Democrats flipped the House of Representatives and gained several governorships, while Republicans maintained their hold on the Senate.

With a majority in the House, Democrats can now use subpoena power to make many details of the investigation into the 2016 presidential election public. This also means that Adam Schiff (D-CA) is now chair of the House Intelligence Committee. The committee’s investigation ended in conflict, with the Republicans and Democrats disagreeing on whether they found evidence of Russian influence in the election. While the committee has not explicitly said whether it plans to reopen its investigation into election interference, there are “many additional questions they would like to answer,” according to NBC.  

On MSNBC, Schiff said that the committee plans “to look at the work that we were able to do,” while also looking “at the work that the GOP obstructed.”

The Democratic majority could have their work cut out for them, as then-Attorney General Jeff Sessions stepped down at Trump’s request the Wednesday after the midterms. Sessions’ Chief of Staff, Matthew Whitaker, became the acting Attorney General and therefore gained control of Special Counsel Robert Mueller’s investigation.  

Whitaker’s ascension to the position of Attorney General soon attracted controversy, though, due to his repeated criticism of the Mueller investigation. This prompted Schiff to tweet that “the Mueller investigation and the independence of the DOJ must be protected.”

The Democratic majority will not take hold until January, allowing Trump to take advantage of Congress’s lame duck session.

In terms of the Senate, Republicans held their majority, meaning that the GOP has an advantage in confirmation hearings and, should they happen, impeachment trials. While the GOP was expected to keep control of the Senate, there were still some surprises. Democrat Kyrsten Sinema won Arizona’s Senate race, flipping a seat that had been held by the GOP for 24 years.

The midterm results broke some records as well. At least 100 women will be in the House come January, beating the previous number of 85. Sharice Davids of Kansas and Deb Haaland of New Mexico will become the first Native American women in Congress. Michigan’s Rashida Tlaib and Minnesota’s Ilhan Oman will become the first Muslim women in Congress. Representative Jared Polis (D-CO) will be the first openly gay governor in America.  

What caught most people’s attention on election day was the Texas Senate race between Democrat Beto O’Rourke and Republican incumbent Ted Cruz. Despite his victory, Cruz won by less than three percentage points. That narrow margin came as a surprise to many.  Texas has long been a Republican stronghold, and Cruz’s victory seemed like a given. O’Rourke’s strategy of visiting all 254 Texas counties and talking about issues that could unite the right and left narrowed the gap, though.
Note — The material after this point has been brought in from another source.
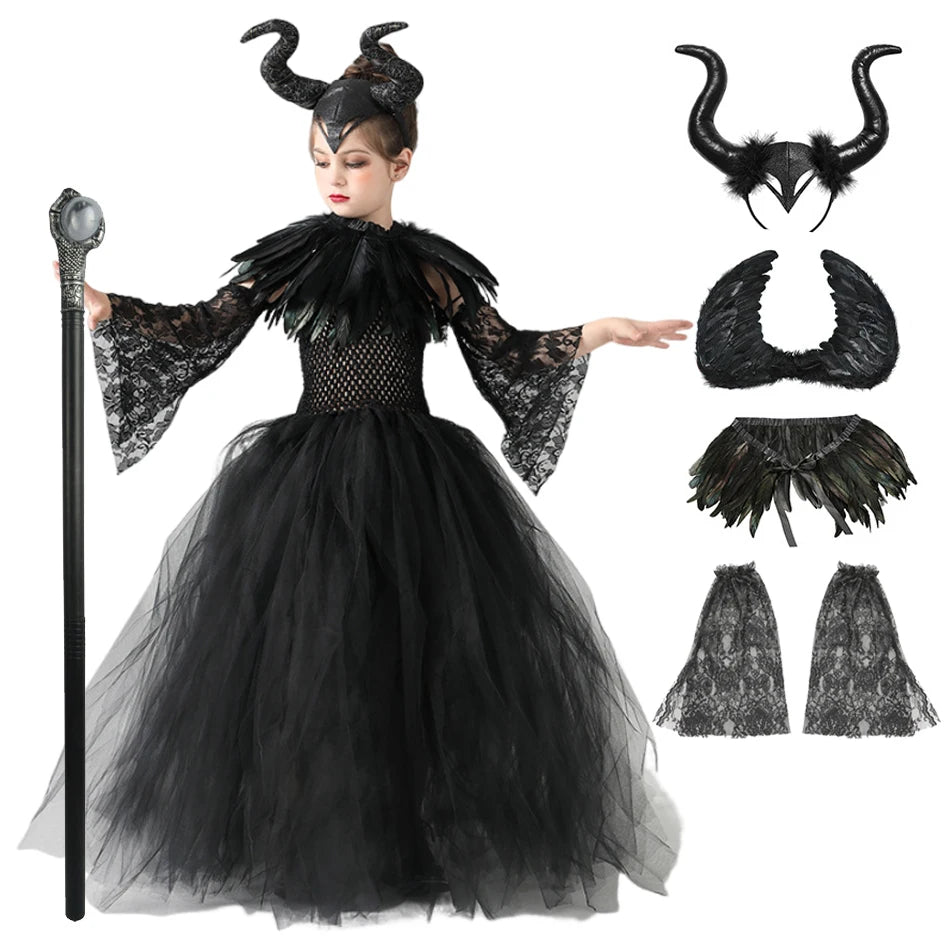 Maleficent Halloween costume for girls featuring a black dress, horned headpiece, and accessories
According to Axios, CNN exit polls found that native Texans actually preferred O’Rourke to Cruz. This close race has Democrats studying O’Rourke’s unconventional campaign strategy for possible future application and has Republicans worried about how the electorate has changed.

Regardless of one’s political affiliation, it is clear that the 2018 results are important in both the short and long term. These results will not only affect the Trump Administration but could change how campaigns are run in the future and lead to further changes in the composition of Congress.

The end of the midterms also means that most, if not all, politicians are now looking forward to 2020.